Two founder journeys through EU institutional funding: D-Orbit and DCUBED
Why these two stories
EU Space Academy, EUSPA's free e-learning platform, runs a series of recorded conversations with European New Space founders as part of its "Understanding the Space Economy" course. Most funding narratives about space startups skip straight from "founded" to "raised" to "flying" — the rejection letters and the years of unpaid work get edited out. Rossettini and Sinn don't edit them out. Both volunteer the ugly middle of their companies' histories, and both arrive at roughly the same conclusion from very different starting points: institutional money in Europe is slow, occasionally humiliating to ask for, and worth it if you can survive long enough to collect.

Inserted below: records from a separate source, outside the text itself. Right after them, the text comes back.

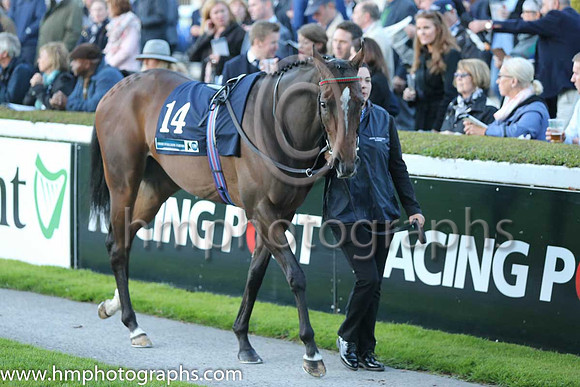 4th Colour Blue ( 14 ) - red, yellow seams ( Robbie Downey ) : Trainer - W McCreery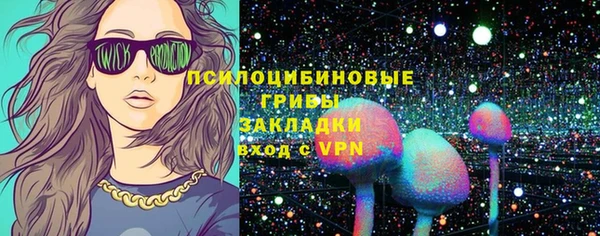 ГАЛЛЮЦИНОГЕННЫЕ ГРИБЫ Алексин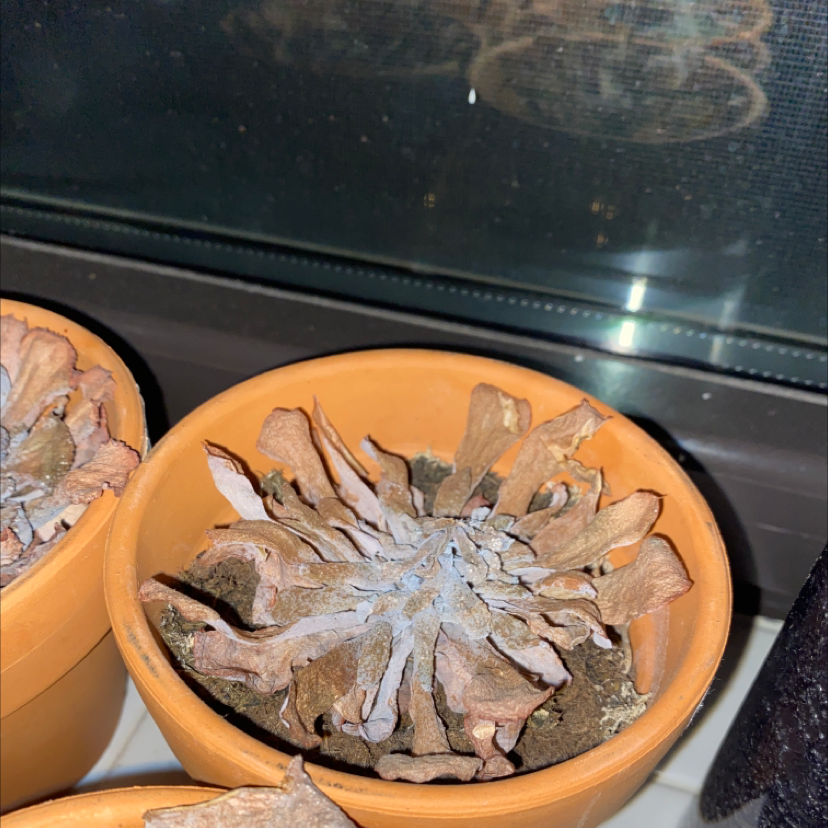 Aeonium Arboreum plant photo by Plant parent named Idiot #1 on Greg, the plant care app.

Luca Rossettini and D-Orbit: from "go back to school" to a €2.5 million ESA contract
Rossettini didn't set out to be a space entrepreneur — he set out to be an astronaut, went through Europe's astronaut selection process around 2008–2009, and didn't make it. What he had left afterward was a stack of credentials: a master's in space engineering, a PhD in advanced space propulsion, further master's degrees in robotics, software and strategic sustainability, a business certificate from Silicon Valley, and a stint as a parachute officer in the Italian army. Before D-Orbit, he had already co-founded two for-profit companies — one offering drone-based industrial services "when drones were not cool," the other producing slow-motion and time-lapse visual effects for film, with work that reached the Oscars on a small project, though it didn't win — plus a non-profit, the Italian chapter of The Natural Step, helping large corporations make sustainability profitable. That last venture is where he picked up the circular-economy framework he later built D-Orbit around.
The formative rejection came in 2010, at the Rice Business Plan Competition in Houston — one of the largest student startup competitions in the world. Rossettini and a co-founder pitched an early version of what the industry now calls active debris removal: capturing a satellite, extending its life, and eventually removing it from orbit. They were the only space project among the finalists, and NASA happened to be in the room. According to Rossettini, the panel's response was blunt: "We don't have questions, but we have comments. Why don't you go back to school and start studying again, but start from the high school."
The company was formally established at the end of 2011 or start of 2012, and one of its first moves was to submit an unsolicited proposal to ESA for the same concept — code-named "Corridoras," after a fish known for cleaning up aquariums. With no budget for polished graphics, the pitch deck borrowed imagery from Star Wars. ESA's answer was a rejection letter. Rossettini says he still keeps it framed in his office.
Money was the other early wall. D-Orbit went looking for a €5 million seed round, reasoning that a NASA-adjacent, Silicon-Valley-certified, Rice-finalist pedigree would make fundraising straightforward. It didn't. Raising anything took about a year and produced exactly one offer: €300,000 for 44% of the company, take it or leave it, with a mechanism to earn back equity by hitting milestones. They took it — the only offer on the table — and for years afterward the company struggled to make payroll at all. Rossettini was the only full-time employee, unpaid, for years.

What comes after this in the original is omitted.